Water conditions are quite possibly the most important factor to any successful trout fishing excursion, and a successful angler will have decent knowledge and a fair understanding of those conditions. A simple rain storm can take a river from crystal clear to mud.
When rivers are running clear, trout are going to want something subtle and natural - a lure that doesn’t make too much noise or isn’t too flashy. High running dirty water, on the other hand, is full of silt and debris, and trout will most likely need that noise and flash in order for them to pick up on the lure better.
The Trout Themselves
This might seem like an obvious one, but knowing which trout you are after in any given body of water is going to narrow down your lure selection considerably. If you’re chasing big, aggressive brown trout or migratory steelhead, tiny spinners and spoons aren’t going to cut it. Instead, you’re going to want something bigger and more flashy to appeal to the larger fish.
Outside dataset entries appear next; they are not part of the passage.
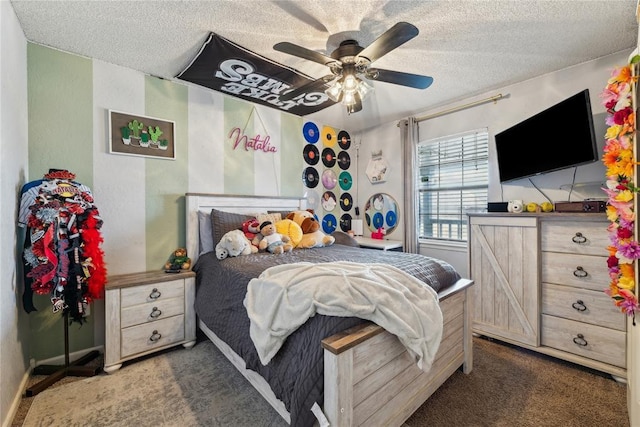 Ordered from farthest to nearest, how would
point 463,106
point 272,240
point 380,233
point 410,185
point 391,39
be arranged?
point 380,233, point 410,185, point 463,106, point 272,240, point 391,39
On the other hand, those larger lures aren’t going to get any interest from smaller fish and might even push them further into hiding.
Lure size isn’t the only factor that fish can determine. A trout that willingly hit a spinner one day might prefer a spoon the next. This part will take some experimenting, but if you know the fish are there, a little trial and error can go a long way.
I am a big believer in confidence when it comes to any type of fishing, but even more so when trout are involved. More often than not, trout can leave even the most experienced angler scratching their head, wondering what went wrong. When that happens, I see many trout anglers start to scramble, hoping they can dig something out of their box that’s going to work. While it's good to be versatile, doubting yourself and constantly changing things up can also be a fault. Having confidence in what you’re using will lead to less time tying on new lures and more time in the water where the fish are.
Our Pick: Panther Martin Spinner
It isn’t easy to pick one lure as the best one for river and stream trout, but if there was one type of lure that has caught me more trout than any other, it would be an inline spinner. And if there is one spinner that stands out among the others for me, it’s the Panther Martin.
Not only does this lure come in a wide range of trout catching sizes and colors, but its design also makes it one of the most versatile and easy-to-use spinners out there. The tear-shaped, weighted body makes even the smallest version easy-to-cast, and it’s clasp-free, though blade spinner is as effective in slow water as it is in fast.
Each lure on this list has its time and place for trout, and each can be just as effective as the next, but if I had to choose a single lure to fish trout with for the rest of my life, it would be the Panther Martin.
Of all the different methods I use to catch trout, bank fishing with lures is one of my favorite ways to do so. It’s fast-paced, it’s exciting, and it’s extremely effective. Over the years, many trout rivers I fish have seen a steady decline in the amount of anglers fishing with lures, and those anglers don’t know what they’re missing out on.